The literature that embarks on the Sisyphean task to rationalize the violent dissolution of the Yugoslav federation46 is voluminous. There are several rival camps offering competing theories. The essentialist or primordial perspective stresses the importance of the “Balkan temperament” and the “ancient hatreds” which were unleashed by the collapse of the communist regime (Silber and Little 1991, Vodopivec 1992, Kaplan 1993, Mearsheimer and Pape 1993, Gligorov 1995). An alternative school of thought points at the international forces as the central causes (Cvii 1993, Higgins 1993, Nuttal 1994, Pavlowitch 1994, Rief 1994).47 Some scholars see the culprit in the processes of economic liberalization and global integration, which in their view undermined the institutions of the Yugoslav federal state (Woodward 1995). On their turn, the instrumentalists emphasize the role of political entrepreneurs such as Slobodan Milošević and Franjo Tuđman who exploited the ethnic cleavages and instigated ethnic hatred in order to mobilize supporters in their quest for power (Bookman 1994, Denitch 1994, Bose 1995, Zimmerman 1995). There are numerous objections to all of these approaches that cast a serious shadow on their heuristic value.48 I shall not discuss them further. Instead I shall examine the institutionalist analysis in Crawford and Lipschutz’s The Myth of Ethnic Conflict,49 which in my opinion offers a deeper insight.
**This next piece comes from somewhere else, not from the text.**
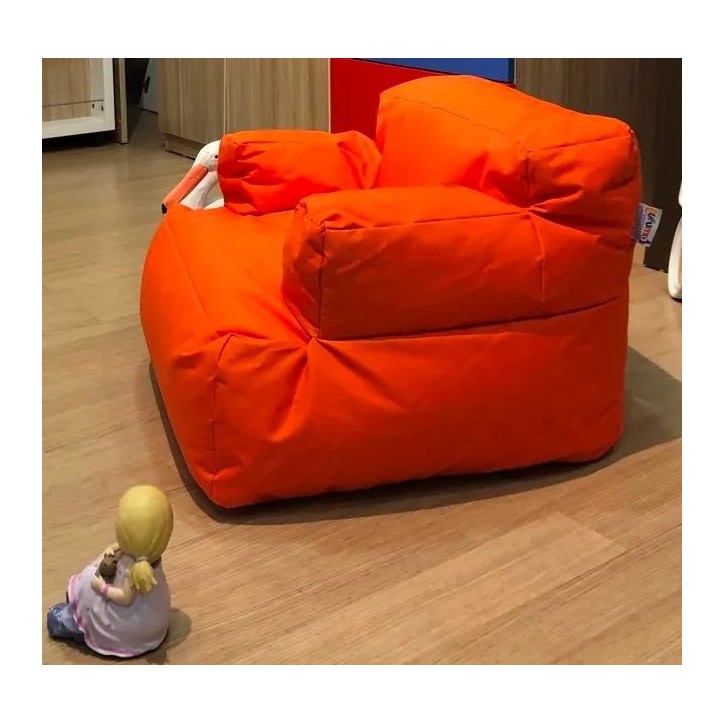 Puff Bean Bag Mini Relax Naranja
Institutionalists highlight the very nature of the principle of ethnofederalism, around which Yugoslavia’s political system was built (which bears similarities to Czechoslovakia and the Soviet Union). Ethnofederalism, in general, is characterized by structures of accountability and opportunities for resource control that prompt officials at both central (federal) and local levels to privilege specific ethnic constituencies. As the federal system of Yugoslavia weakened and the local officials relied more and more on the support of their ethnic constituencies rather than the central government, the logic of identity politics strengthened. The creation of ethnic nationalist parties and the interethnic political rivalry was rooted in the institutional legacies. The effects of bandwagoning in Serbia, Croatia, and Bosnia, on the eve of the violent ethnic conflicts, drastically reduced the chances of nonnationalist alternative parties (Crawford and Lipschutz 1998: 205–7).
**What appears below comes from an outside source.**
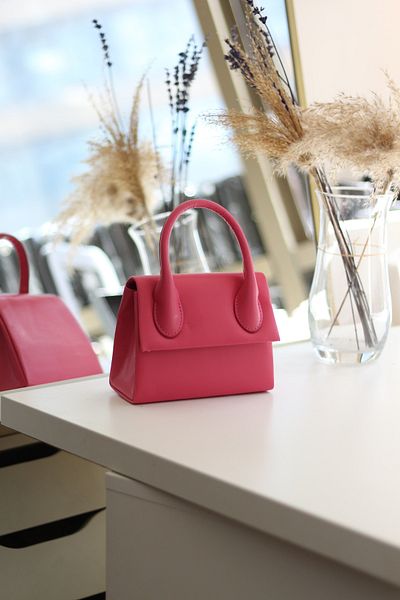 Moom Bag Γυναικεία τσάντα χειρός & ώμου με μονό λουρί φούξια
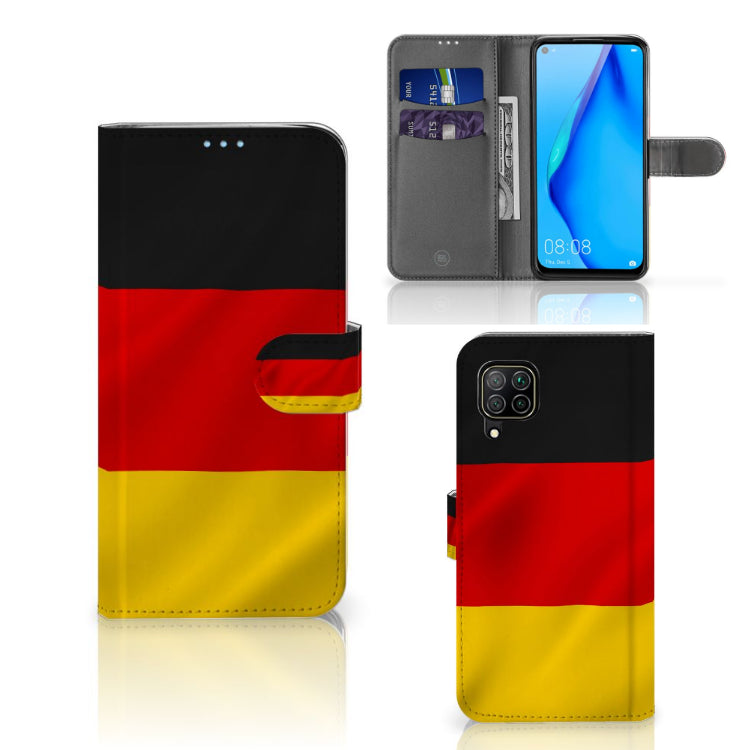 Huawei P40 Lite Bookstyle Case Duitsland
The analysis must also take into account the traumatic heritage of the Second World War during which Croatian and Bosnian Muslim elites allied with the Nazis against the Serbs.50 President Josip Broz Tito (1892–1980) believed that the federal polity, established as a system of six ethnic republics (Bosnia and Herzegovina, Croatia, Macedonia, Montenegro, Serbia, and Slovenia), and enshrined in the Constitution of the SFRY promulgated on January 31, 1946, would provide better guarantees for the national equality than the previous unitary state51 (Christman 1970: 56). However, unlike the United States, the Federal Republic of Germany and, especially, the Soviet Union, the federal system in Yugoslavia was noncentralized52 and the constituent units exercised a large degree of authority. The 1946 Constitution stipulated that all mineral wealth, power resources, means of communication, and foreign trade are under the control of the federal government. However, the latter could take decisions on a very limited number of issues without the approval of the constituent units (Koštunica 1988: 78–92).
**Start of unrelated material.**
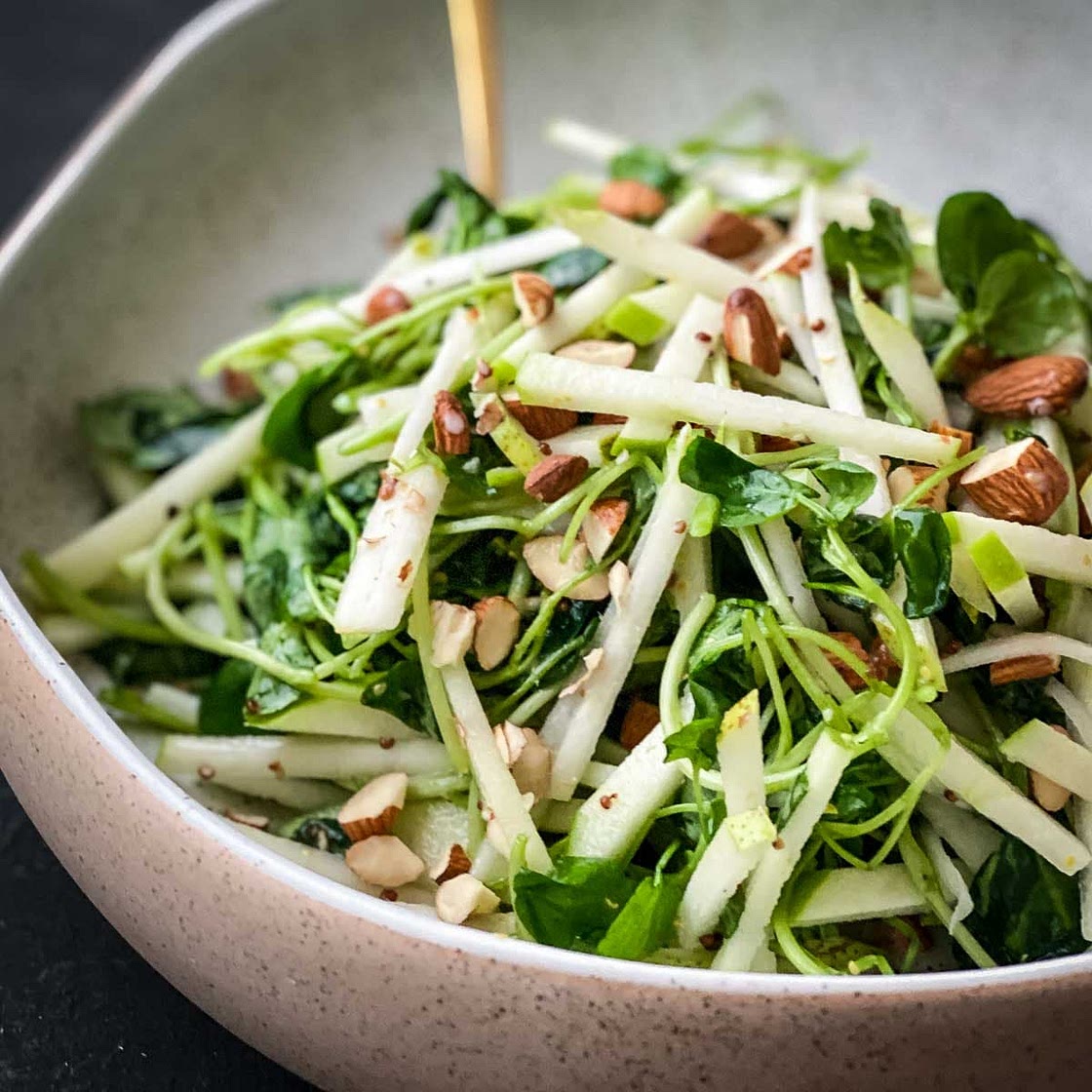 Watercress Salad with Apple and Pear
La raison d'être of the institutions of ethnofederalism was to transform the politically charged ethnic identities into much safer cultural identities. The Constitution essentially differentiated between two types of national groupings that were in hierarchical relations (Peši 1996: 10). On the one hand, Serbs, Slovenes, Croats, Macedonians, and Montenegrins were territorially organized in republics in which they had the position of “constituent nations.” The census conducted in 1971 recognized Muslims as a separate nation and in 1974 it was declared (following the national principle) that Serbs, Croats, and Muslims are the constituent nations of the republic of Bosnia and Herzegovina. On the other hand, there was, however, a significant number of “others” (Jews, Czechs, Romanians, Russians, Bulgarians, Romani, Vlachs, Albanians, and Hungarians) who were less represented in the political institutions. Nonetheless, after the legislative amendments in 1974, Kosovo (with a majority of Albanian population) and Vojvodina (with a Hungarian majority) gained increasing autonomy and enjoyed equal representation at the federal level with the six constituent nations.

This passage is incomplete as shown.